In other words, conv_zones_bitmap tracks a single condition of the
zones of a zoned block device.
In preparation for tracking more zone conditions, change
conv_zones_bitmap into an array of zone conditions, using 1 byte per
zone. This increases the memory usage from 1 bit per zone to 1 byte per
zone, that is, from 16 KiB to about 100 KiB for a 30 TB SMR HDD with 256
MiB zones. This is a trade-off to allow fast cached report zones later
on top of this change.
Rename the conv_zones_bitmap field of struct gendisk to zones_cond. Add
a blk_revalidate_zone_cond() function to initialize the zones_cond array
of a disk during device scan and to update it on device revalidation.
Move the allocation of the zones_cond array to
disk_revalidate_zone_resources(), making sure that this array is always
allocated, even for devices that do not need zone write plugs (zone
resources), to ensure that bdev_zone_is_seq() can be re-implemented to
use the zone condition array in place of the conv zones bitmap.
Finally, the function bdev_zone_is_seq() is rewritten to use a test on
the condition of the target zone.
Signed-off-by: Damien Le Moal <dlemoal@kernel.org>
Reviewed-by: Christoph Hellwig <hch@lst.de>
---
block/blk-zoned.c | 153 +++++++++++++++++++++++++++++------------
include/linux/blkdev.h | 37 +++-------
2 files changed, 117 insertions(+), 73 deletions(-)

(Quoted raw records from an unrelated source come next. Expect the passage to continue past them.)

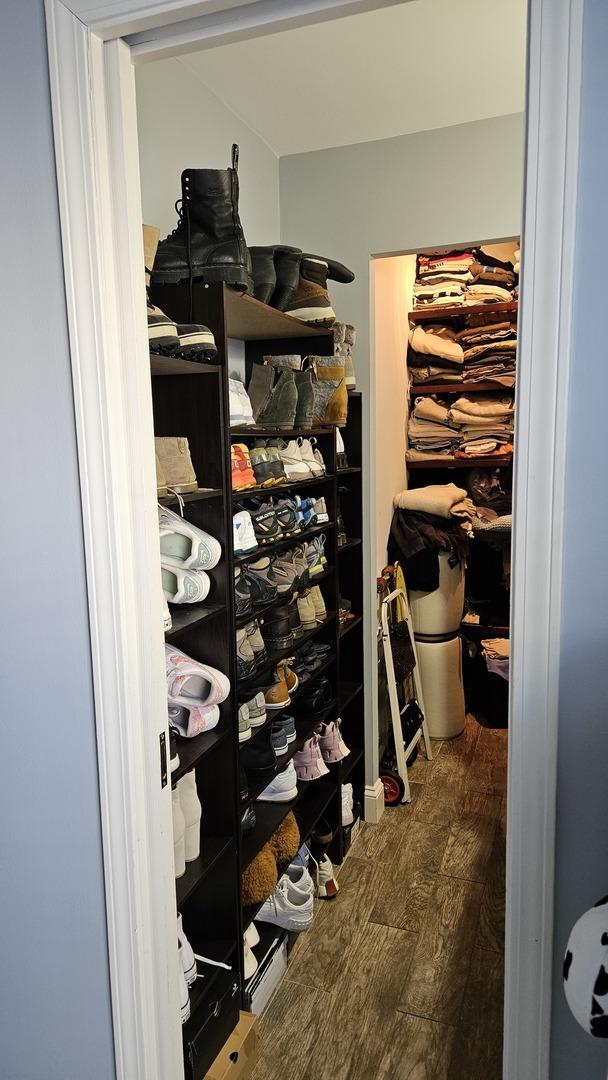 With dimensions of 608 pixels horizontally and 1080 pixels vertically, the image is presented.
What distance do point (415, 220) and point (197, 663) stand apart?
6.03 ft

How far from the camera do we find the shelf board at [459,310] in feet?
12.0

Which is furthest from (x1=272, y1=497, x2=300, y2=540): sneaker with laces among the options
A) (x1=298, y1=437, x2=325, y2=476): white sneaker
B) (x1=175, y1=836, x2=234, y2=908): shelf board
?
(x1=175, y1=836, x2=234, y2=908): shelf board

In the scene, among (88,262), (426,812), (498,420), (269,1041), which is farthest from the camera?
(498,420)

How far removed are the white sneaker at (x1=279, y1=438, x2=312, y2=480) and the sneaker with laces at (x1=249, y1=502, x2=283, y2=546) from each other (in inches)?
6.2

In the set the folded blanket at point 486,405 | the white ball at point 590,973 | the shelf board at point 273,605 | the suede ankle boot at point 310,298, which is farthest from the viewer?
the folded blanket at point 486,405

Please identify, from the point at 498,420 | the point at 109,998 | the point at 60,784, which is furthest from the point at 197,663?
the point at 498,420

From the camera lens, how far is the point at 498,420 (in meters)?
3.81

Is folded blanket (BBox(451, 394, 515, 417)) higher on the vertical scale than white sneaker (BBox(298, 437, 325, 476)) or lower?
higher

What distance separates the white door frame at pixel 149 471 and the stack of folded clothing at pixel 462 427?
9.66 feet

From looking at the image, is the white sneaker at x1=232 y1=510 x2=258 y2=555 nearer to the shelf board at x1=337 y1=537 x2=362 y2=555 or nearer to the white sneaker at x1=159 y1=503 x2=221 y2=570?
the white sneaker at x1=159 y1=503 x2=221 y2=570

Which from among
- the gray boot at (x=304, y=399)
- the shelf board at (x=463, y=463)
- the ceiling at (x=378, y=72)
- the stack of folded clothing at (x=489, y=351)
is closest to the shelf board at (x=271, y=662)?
the gray boot at (x=304, y=399)

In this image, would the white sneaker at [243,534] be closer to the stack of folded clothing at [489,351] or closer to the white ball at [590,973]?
the white ball at [590,973]

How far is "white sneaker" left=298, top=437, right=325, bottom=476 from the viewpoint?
2.33 metres

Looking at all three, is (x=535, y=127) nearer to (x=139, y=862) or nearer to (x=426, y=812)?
(x=139, y=862) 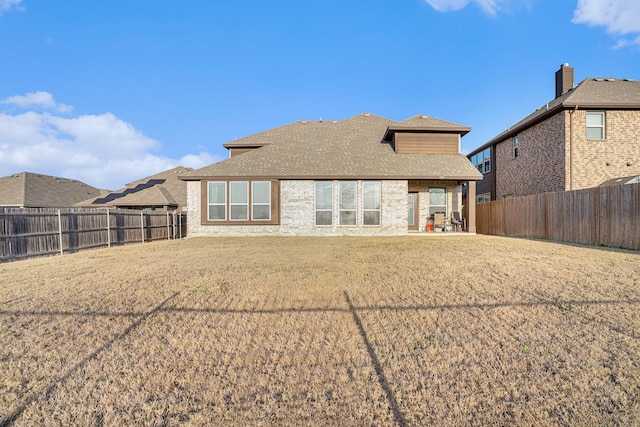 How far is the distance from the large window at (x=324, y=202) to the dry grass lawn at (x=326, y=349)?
27.9 feet

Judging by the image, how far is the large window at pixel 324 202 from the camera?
565 inches

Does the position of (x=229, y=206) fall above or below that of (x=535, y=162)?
below

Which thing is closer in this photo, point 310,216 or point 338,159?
point 310,216

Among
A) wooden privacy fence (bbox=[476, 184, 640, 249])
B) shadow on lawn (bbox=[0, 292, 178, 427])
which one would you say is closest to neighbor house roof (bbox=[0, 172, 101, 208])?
shadow on lawn (bbox=[0, 292, 178, 427])

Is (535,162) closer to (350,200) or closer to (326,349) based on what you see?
(350,200)

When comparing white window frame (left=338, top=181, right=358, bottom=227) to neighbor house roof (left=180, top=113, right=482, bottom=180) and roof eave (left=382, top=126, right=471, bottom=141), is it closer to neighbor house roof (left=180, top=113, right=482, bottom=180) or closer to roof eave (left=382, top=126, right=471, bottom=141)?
neighbor house roof (left=180, top=113, right=482, bottom=180)

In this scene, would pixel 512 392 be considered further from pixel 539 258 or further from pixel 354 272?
pixel 539 258

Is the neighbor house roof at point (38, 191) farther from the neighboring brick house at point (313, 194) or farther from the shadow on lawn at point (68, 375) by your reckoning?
the shadow on lawn at point (68, 375)

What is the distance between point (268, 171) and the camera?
14555mm

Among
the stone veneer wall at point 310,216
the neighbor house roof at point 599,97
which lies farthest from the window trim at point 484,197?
the stone veneer wall at point 310,216

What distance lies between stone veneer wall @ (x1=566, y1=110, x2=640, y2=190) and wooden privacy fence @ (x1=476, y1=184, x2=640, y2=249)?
265cm

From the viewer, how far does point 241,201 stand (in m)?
14.4

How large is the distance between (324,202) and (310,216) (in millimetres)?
937

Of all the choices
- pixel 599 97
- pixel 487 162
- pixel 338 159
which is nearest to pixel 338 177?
pixel 338 159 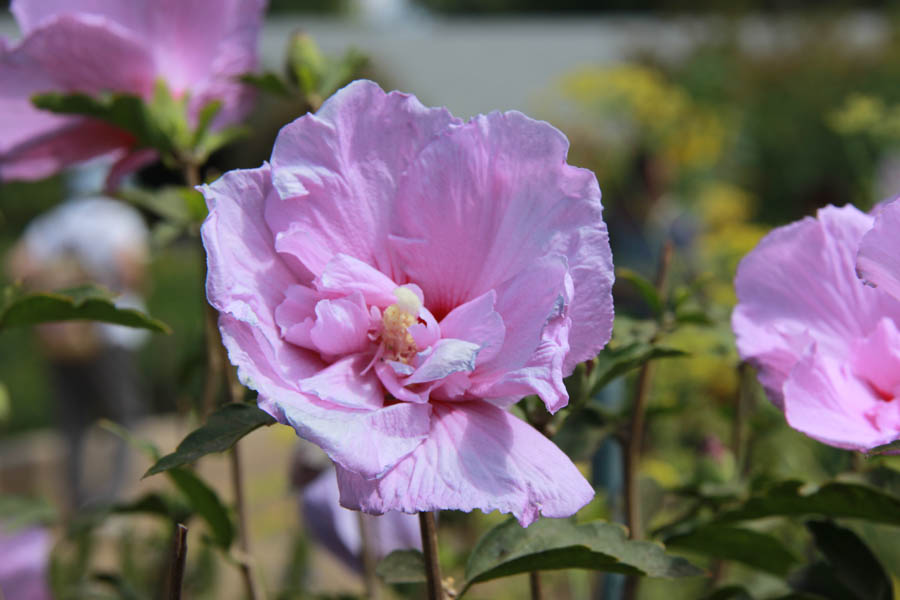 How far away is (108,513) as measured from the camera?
676 mm

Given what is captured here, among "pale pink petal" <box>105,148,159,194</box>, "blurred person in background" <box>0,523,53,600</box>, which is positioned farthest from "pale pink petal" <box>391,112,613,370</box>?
"blurred person in background" <box>0,523,53,600</box>

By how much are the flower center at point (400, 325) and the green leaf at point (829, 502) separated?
0.71 ft

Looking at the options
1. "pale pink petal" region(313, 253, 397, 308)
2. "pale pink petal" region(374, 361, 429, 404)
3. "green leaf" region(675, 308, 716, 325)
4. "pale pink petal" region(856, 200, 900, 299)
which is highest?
"pale pink petal" region(856, 200, 900, 299)

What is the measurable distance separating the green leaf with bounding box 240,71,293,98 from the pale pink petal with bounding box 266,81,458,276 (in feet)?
0.76

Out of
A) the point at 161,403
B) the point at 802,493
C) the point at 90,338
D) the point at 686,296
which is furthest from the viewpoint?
the point at 161,403

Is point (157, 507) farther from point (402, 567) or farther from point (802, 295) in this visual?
point (802, 295)

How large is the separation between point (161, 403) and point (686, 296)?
4.85 m

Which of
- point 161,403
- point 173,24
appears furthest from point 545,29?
point 173,24

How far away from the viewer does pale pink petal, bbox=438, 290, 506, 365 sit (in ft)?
1.29

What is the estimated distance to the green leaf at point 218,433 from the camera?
0.39 meters

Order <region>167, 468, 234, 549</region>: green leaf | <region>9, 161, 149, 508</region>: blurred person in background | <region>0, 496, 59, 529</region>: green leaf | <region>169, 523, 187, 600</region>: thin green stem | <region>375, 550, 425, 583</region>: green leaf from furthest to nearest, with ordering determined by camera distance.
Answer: <region>9, 161, 149, 508</region>: blurred person in background, <region>0, 496, 59, 529</region>: green leaf, <region>167, 468, 234, 549</region>: green leaf, <region>375, 550, 425, 583</region>: green leaf, <region>169, 523, 187, 600</region>: thin green stem

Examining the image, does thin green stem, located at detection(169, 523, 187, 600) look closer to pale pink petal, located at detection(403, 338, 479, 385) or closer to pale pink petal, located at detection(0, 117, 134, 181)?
pale pink petal, located at detection(403, 338, 479, 385)

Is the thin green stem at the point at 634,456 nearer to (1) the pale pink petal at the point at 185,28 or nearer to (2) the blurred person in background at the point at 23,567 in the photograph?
(1) the pale pink petal at the point at 185,28

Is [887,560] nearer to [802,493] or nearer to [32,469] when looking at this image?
[802,493] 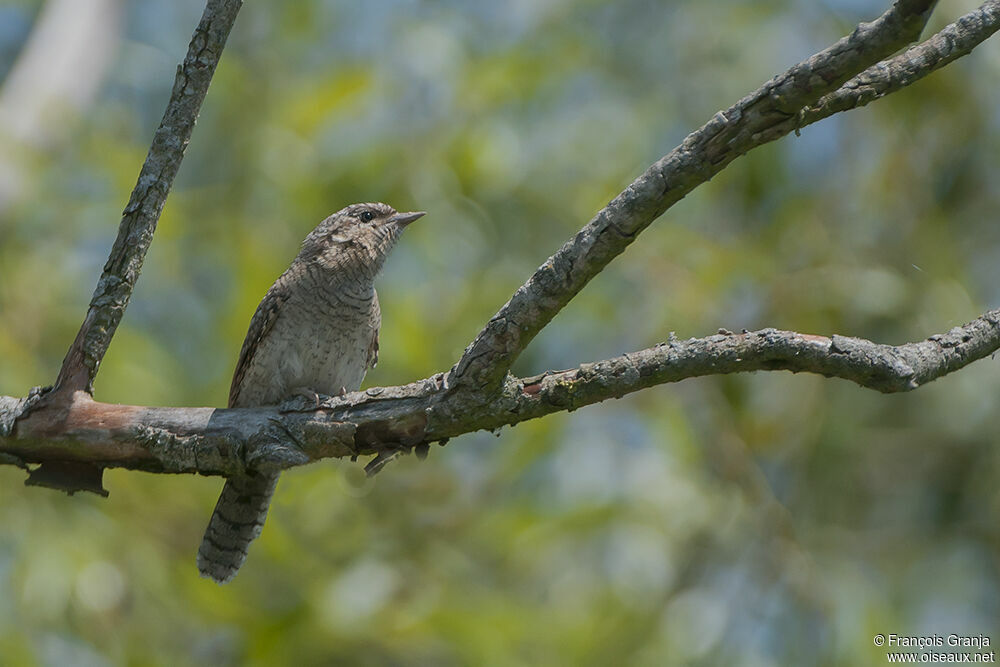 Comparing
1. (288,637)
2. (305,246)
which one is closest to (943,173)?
(305,246)

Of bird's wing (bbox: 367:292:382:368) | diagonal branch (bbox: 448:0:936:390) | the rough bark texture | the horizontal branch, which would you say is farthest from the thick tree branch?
bird's wing (bbox: 367:292:382:368)

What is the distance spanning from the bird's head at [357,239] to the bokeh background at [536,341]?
850 mm

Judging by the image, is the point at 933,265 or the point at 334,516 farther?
the point at 933,265

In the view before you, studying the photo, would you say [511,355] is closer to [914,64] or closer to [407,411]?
[407,411]

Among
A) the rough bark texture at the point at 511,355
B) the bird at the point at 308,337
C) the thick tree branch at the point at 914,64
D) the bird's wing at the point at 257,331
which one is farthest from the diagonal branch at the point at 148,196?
the thick tree branch at the point at 914,64

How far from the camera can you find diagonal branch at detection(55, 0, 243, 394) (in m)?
3.03

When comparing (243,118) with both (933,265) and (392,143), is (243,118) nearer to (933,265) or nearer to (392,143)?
(392,143)

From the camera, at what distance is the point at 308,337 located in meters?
4.42

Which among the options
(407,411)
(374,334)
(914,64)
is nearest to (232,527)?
(374,334)

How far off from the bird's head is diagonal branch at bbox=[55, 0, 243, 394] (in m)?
1.43

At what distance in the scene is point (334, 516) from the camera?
214 inches

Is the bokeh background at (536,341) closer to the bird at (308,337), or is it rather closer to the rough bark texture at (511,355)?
the bird at (308,337)

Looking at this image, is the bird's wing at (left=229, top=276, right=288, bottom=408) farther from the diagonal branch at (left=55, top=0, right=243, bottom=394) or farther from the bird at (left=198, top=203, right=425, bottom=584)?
the diagonal branch at (left=55, top=0, right=243, bottom=394)

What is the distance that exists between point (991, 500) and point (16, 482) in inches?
260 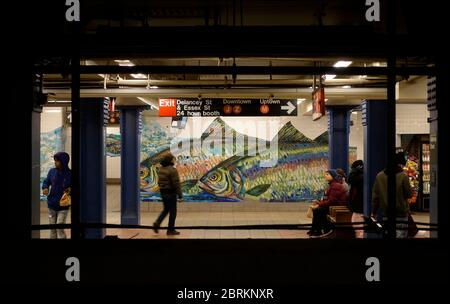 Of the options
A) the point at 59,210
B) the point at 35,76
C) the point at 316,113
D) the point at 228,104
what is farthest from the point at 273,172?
the point at 35,76

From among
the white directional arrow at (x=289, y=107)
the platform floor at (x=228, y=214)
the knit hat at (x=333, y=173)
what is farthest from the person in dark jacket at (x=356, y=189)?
the platform floor at (x=228, y=214)

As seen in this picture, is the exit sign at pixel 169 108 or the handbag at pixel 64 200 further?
the exit sign at pixel 169 108

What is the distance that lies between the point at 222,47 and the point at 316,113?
460cm

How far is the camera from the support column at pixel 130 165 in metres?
12.2

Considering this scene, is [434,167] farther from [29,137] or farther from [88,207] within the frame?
[88,207]

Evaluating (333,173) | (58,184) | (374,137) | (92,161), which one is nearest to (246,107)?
(333,173)

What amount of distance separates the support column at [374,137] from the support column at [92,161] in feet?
17.3

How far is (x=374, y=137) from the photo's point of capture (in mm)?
9523

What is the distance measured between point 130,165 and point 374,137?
6005 mm

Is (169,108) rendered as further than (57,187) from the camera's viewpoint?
Yes

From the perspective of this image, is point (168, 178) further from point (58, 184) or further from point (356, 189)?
point (356, 189)

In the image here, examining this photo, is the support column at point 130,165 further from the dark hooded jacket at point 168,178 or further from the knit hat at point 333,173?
the knit hat at point 333,173

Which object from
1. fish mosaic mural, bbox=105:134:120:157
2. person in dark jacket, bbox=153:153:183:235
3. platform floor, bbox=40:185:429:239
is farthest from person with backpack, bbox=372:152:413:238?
fish mosaic mural, bbox=105:134:120:157

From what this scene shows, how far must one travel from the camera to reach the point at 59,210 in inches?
311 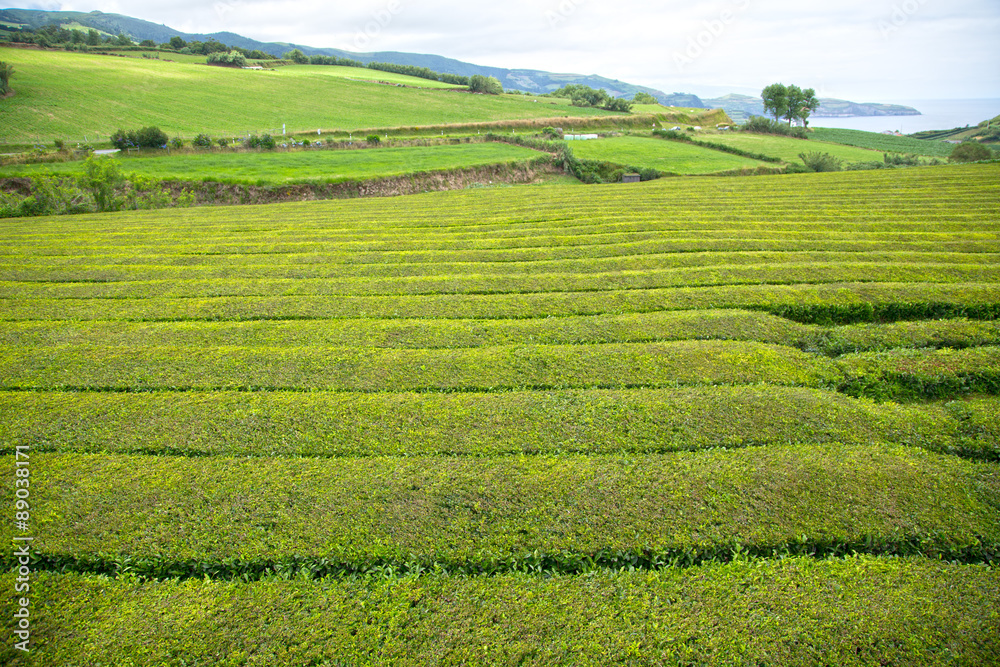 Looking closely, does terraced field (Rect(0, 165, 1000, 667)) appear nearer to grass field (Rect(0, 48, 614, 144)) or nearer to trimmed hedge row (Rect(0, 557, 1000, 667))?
trimmed hedge row (Rect(0, 557, 1000, 667))

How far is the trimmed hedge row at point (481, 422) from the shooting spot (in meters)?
9.26

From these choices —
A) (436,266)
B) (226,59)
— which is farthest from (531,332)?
(226,59)

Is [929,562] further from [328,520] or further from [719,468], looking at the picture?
[328,520]

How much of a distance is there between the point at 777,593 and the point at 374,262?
18.2 meters

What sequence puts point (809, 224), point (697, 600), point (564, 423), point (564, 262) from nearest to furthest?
1. point (697, 600)
2. point (564, 423)
3. point (564, 262)
4. point (809, 224)

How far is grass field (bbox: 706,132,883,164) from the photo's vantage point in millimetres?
64688

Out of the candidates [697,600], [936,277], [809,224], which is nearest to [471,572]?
[697,600]

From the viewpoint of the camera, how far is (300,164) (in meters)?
50.5

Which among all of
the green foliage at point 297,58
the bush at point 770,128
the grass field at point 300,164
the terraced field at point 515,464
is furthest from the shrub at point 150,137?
the bush at point 770,128

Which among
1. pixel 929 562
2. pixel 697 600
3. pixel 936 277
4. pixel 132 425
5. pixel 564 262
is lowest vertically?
pixel 132 425

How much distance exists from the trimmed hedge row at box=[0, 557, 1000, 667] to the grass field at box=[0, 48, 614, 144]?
207 feet

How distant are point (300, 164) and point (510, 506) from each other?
2026 inches

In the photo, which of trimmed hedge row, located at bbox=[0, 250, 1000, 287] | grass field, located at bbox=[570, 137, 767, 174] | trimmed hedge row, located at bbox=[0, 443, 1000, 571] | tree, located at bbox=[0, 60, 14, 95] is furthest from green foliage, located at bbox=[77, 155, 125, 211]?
grass field, located at bbox=[570, 137, 767, 174]

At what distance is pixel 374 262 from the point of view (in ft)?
68.7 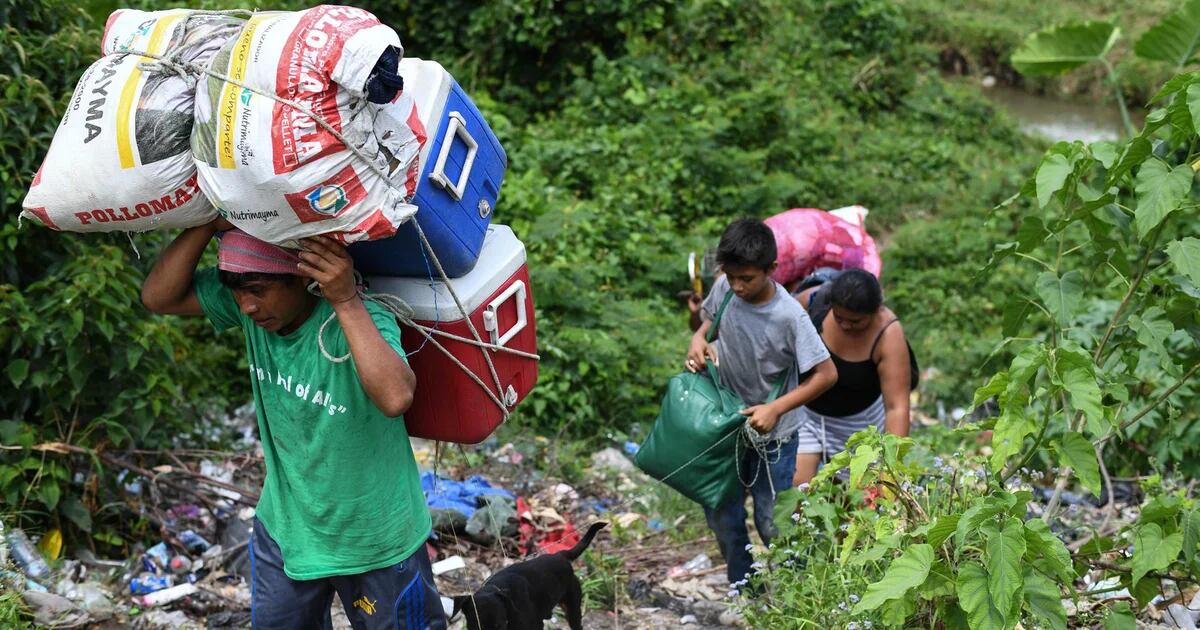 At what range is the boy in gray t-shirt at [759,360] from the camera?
12.6 feet

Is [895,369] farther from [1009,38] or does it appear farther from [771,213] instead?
[1009,38]

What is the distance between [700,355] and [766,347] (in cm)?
29

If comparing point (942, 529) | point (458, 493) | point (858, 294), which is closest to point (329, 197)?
point (942, 529)

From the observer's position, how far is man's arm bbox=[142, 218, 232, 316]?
9.20 ft

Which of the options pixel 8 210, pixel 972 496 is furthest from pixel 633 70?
pixel 972 496

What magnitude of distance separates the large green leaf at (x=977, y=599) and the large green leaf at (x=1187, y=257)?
2.96ft

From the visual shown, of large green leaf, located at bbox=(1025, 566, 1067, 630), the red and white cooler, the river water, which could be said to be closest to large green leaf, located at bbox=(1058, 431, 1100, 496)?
large green leaf, located at bbox=(1025, 566, 1067, 630)

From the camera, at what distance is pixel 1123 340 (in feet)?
11.0

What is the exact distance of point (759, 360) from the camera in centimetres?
401

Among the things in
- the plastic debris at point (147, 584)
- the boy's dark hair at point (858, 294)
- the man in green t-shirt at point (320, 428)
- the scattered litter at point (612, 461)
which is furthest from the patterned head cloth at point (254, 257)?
the scattered litter at point (612, 461)

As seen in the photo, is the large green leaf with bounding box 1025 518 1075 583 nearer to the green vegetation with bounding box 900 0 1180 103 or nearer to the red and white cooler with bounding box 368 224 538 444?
the red and white cooler with bounding box 368 224 538 444

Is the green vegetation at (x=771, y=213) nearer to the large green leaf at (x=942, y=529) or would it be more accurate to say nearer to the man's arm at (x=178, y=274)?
the large green leaf at (x=942, y=529)

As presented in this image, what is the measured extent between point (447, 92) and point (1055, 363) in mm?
1641

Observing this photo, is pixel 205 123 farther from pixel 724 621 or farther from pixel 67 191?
pixel 724 621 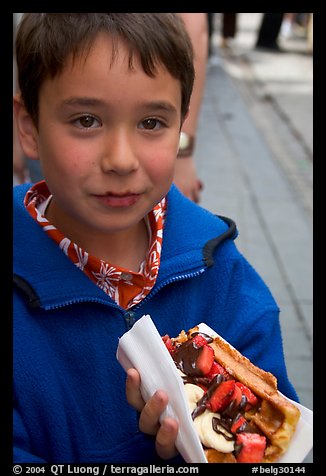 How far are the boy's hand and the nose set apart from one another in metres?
0.39

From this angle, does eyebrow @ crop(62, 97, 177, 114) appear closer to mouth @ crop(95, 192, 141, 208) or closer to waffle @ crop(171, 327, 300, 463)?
mouth @ crop(95, 192, 141, 208)

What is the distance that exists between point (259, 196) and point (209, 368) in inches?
164

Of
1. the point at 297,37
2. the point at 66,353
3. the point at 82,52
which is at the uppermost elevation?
the point at 82,52

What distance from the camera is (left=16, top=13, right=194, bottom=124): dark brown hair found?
1.48 meters

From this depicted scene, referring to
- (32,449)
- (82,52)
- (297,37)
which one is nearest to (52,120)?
(82,52)

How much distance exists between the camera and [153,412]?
1419 mm

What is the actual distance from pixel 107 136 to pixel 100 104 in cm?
6

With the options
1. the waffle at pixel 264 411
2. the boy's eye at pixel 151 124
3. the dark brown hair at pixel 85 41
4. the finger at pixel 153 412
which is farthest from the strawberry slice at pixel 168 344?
the dark brown hair at pixel 85 41

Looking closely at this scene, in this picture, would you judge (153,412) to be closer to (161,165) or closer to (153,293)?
(153,293)

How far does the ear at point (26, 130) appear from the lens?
5.39 ft

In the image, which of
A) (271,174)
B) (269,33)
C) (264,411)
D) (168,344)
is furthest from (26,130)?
(269,33)

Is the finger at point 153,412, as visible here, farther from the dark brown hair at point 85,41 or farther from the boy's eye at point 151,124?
the dark brown hair at point 85,41

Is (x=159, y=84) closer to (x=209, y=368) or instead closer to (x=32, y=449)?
(x=209, y=368) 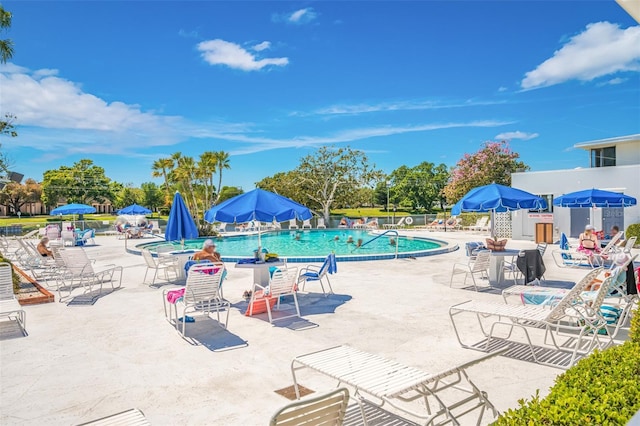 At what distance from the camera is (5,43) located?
978 cm

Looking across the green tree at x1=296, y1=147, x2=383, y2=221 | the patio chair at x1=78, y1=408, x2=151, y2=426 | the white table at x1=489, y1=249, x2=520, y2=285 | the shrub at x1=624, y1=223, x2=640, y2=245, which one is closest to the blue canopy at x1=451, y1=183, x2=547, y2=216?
the white table at x1=489, y1=249, x2=520, y2=285

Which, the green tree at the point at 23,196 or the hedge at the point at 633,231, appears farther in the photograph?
the green tree at the point at 23,196

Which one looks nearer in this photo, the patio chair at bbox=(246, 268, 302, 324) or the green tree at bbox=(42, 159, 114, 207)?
the patio chair at bbox=(246, 268, 302, 324)

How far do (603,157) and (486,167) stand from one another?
1324 cm

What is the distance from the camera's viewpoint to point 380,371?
131 inches

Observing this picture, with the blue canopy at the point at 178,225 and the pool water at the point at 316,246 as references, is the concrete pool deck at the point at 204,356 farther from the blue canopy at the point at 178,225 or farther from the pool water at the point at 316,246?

diff --git a/block/blk-zoned.c b/block/blk-zoned.c
index d4fc87b0be6b..f62862274f9a 100644
--- a/block/blk-zoned.c
+++ b/block/blk-zoned.c
@@ -114,6 +114,33 @@ const char *blk_zone_cond_str(enum blk_zone_cond zone_cond)
}
EXPORT_SYMBOL_GPL(blk_zone_cond_str);
+/**
+ * bdev_zone_is_seq - check if a sector belongs to a sequential write zone
+ * @bdev: block device to check
+ * @sector: sector number
+ *
+ * Check if @sector on @bdev is contained in a sequential write required zone.
+ */
+bool bdev_zone_is_seq(struct block_device *bdev, sector_t sector)
+{
+ struct gendisk *disk = bdev->bd_disk;
+ unsigned int zno = disk_zone_no(disk, sector);
+ bool is_seq = false;
+ u8 *zones_cond;
+
+ if (!bdev_is_zoned(bdev))
+ return false;
+
+ rcu_read_lock();
+ zones_cond = rcu_dereference(disk->zones_cond);
+ if (zones_cond && zno < disk->nr_zones)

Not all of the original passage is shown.